Alexander came to the Macedonian throne in 336 BCE. In the subsequent 13 years leading up to his death, Alexander managed to expand his Empire to the far East, conquering Hellespont in 334 BCE, the Achaemenid Empire in around 330 BCE and then Punjab, returning to Babylon, the ‘’epicentre of the Empire’’, with 100,000 soldiers comprised of Macedonian and Asian troops from the former Persian empire. Even at the time of Alexander’s death, he was still planning military campaigns; either in Arabia, or in Athens to calm civil unrest. With him in Babylon were his six-eight month pregnant wife, Roxana, and Arrhidaeus, his elder half brother, who had a condition that made him incapable of ruling without assistance (which will be important later).
Hughes explained that royal journals written by Eumenes of Cardia (Alexander’s personal secretary) tell us that, in early June, Alexander developed a fever after attending a dinner party. He managed to function as ruler for a few days but suddenly his condition started to quickly worsen, confining him to his bed. A few days later, he died, surrounded by his generals. It is suspected that he died of typhoid, pneumonia, malaria, or perhaps a combination of factors which exacerbated his illness such as excessive drinking, grief for his lover Hephaestion, or his war wounds (Hughes reported that Alexander once suffered an arrow to the lung). Although it is impossible to be certain of a cause of death, Hughes placed emphasis on the fact that he was not poisoned, and that this was just a later fabrication.

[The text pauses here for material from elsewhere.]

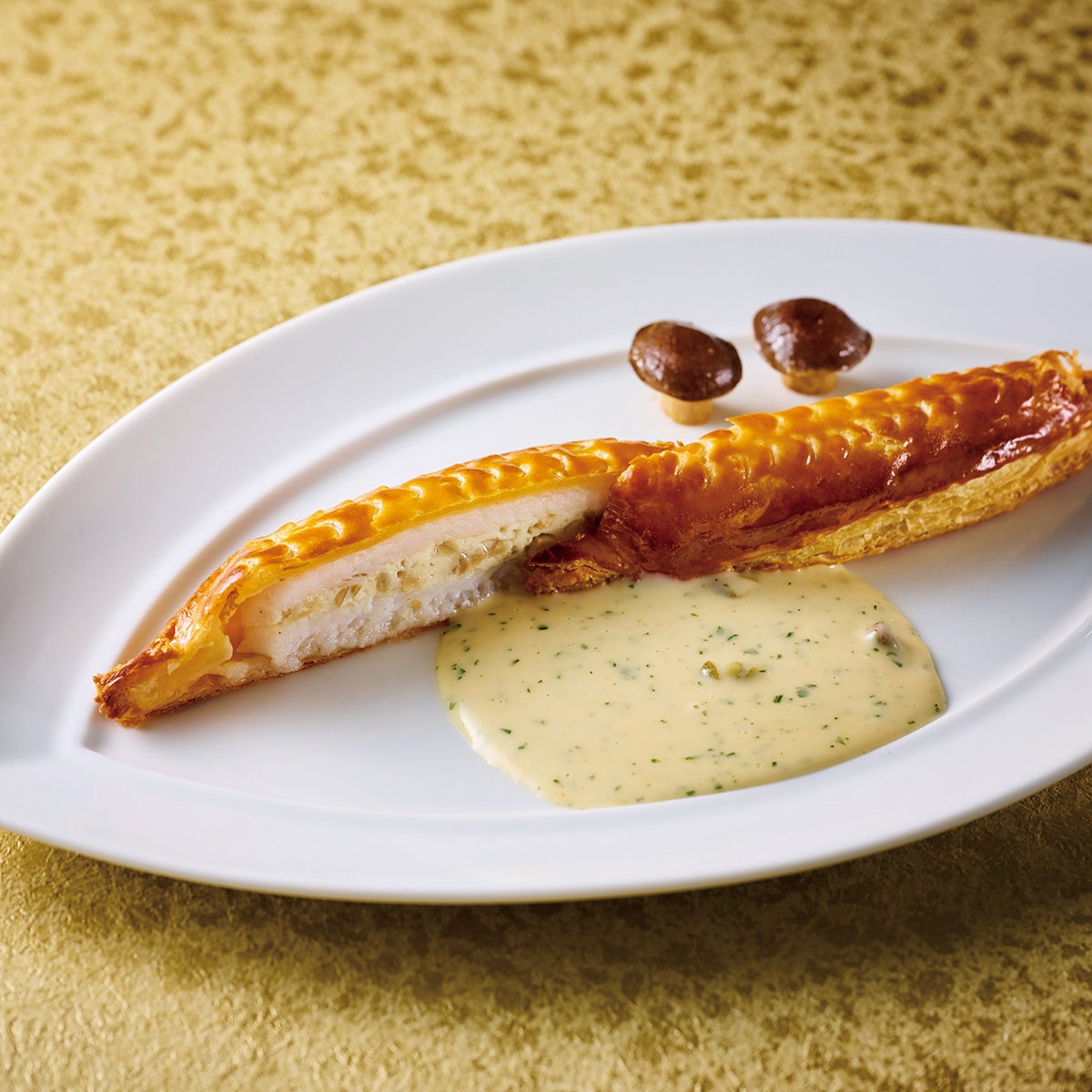 淡路産舌平目のパイ包み焼き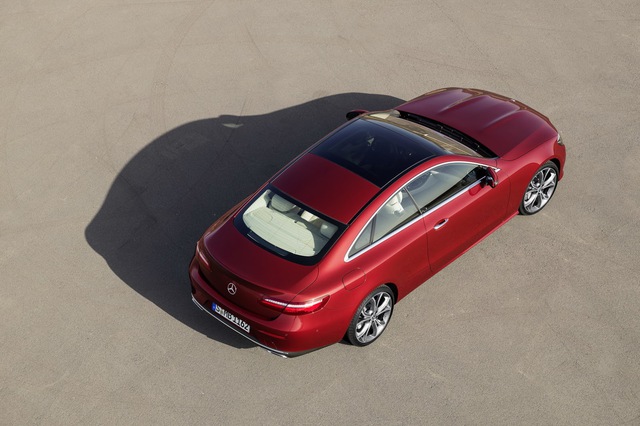 Xe sang Mercedes-Benz E-Class Coupe 2018 chính thức trình làng - Ảnh 12. Xe sang Mercedes-Benz E-Class Coupe 2018 chính thức trình làng - Ảnh 12.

After setting the scene, Hughes didn’t hesitate to get into the chaos of the initial aftermath of Alexander’s death. Leaving no heir, he explained, posed a problem. To resolve this issue, a conclave was held between the generals, which soon became interrupted by barging Macedonian soldiers who wanted to be a part of this decision making. Now a public assembly between generals and soldiers, a series of unsuccessful proposals of successors were made. The soldiers proposed Arrhidaeus, which was not a popular decision amongst the generals. This led to physical combat between the two only days after Alexander’s death. Ultimately, a seeming compromise and reconciliation was reached: Arrhidaeus would be King with Perdiccas in a key role under him, along with Meleager.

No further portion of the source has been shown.